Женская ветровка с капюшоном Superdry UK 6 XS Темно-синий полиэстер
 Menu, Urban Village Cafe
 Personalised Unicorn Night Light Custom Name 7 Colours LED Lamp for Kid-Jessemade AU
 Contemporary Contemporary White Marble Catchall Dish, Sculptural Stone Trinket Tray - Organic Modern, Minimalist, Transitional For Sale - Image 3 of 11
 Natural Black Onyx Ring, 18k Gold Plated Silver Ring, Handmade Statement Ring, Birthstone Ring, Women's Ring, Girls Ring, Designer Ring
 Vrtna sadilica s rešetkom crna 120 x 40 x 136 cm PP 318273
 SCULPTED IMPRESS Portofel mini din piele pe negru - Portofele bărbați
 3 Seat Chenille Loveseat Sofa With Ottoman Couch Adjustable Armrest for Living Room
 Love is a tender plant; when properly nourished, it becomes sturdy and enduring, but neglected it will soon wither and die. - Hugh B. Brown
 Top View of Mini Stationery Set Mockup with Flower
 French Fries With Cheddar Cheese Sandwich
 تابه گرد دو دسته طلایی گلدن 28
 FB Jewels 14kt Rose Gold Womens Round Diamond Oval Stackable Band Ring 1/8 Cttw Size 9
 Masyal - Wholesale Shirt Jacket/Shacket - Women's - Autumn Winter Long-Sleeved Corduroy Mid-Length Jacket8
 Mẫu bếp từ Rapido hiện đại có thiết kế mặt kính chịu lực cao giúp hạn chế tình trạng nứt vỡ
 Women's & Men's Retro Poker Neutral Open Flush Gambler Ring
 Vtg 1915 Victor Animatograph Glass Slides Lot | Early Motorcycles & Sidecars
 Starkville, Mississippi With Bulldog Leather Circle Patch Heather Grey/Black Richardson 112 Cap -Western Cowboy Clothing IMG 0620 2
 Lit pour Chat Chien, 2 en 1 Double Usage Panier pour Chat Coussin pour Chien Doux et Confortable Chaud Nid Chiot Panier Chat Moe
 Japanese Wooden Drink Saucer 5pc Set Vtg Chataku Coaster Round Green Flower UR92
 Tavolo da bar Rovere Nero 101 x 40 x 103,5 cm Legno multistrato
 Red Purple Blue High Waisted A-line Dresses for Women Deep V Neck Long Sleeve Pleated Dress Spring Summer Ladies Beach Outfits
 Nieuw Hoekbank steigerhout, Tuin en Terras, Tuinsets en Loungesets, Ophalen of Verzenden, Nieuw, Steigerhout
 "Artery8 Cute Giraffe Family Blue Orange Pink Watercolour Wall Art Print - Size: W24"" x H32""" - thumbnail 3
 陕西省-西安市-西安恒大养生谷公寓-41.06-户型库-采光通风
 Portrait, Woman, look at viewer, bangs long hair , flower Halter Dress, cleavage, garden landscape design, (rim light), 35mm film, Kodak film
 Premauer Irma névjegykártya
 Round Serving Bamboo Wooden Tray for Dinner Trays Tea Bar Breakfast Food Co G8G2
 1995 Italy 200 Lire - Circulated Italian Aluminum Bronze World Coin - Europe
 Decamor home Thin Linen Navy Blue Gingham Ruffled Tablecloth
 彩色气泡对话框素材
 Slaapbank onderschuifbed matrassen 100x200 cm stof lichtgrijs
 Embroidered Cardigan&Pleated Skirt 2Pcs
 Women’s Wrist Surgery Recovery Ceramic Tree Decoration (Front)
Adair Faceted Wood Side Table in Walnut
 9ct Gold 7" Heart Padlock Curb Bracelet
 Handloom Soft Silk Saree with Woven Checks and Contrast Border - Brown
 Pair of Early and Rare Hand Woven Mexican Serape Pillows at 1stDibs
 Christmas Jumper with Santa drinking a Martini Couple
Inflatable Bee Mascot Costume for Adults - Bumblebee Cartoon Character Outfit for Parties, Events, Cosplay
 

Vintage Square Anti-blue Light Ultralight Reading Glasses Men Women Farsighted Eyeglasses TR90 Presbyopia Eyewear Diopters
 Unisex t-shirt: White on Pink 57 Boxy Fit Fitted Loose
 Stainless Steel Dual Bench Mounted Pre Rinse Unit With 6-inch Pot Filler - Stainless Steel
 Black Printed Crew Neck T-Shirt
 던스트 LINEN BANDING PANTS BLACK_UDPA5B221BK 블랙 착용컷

**EXERCISE DESCRIPTION**
Return all lines above that mention the word "Dress".

**RESPONSE AREA**
 Red Purple Blue High Waisted A-line Dresses for Women Deep V Neck Long Sleeve Pleated Dress Spring Summer Ladies Beach Outfits
 Portrait, Woman, look at viewer, bangs long hair , flower Halter Dress, cleavage, garden landscape design, (rim light), 35mm film, Kodak film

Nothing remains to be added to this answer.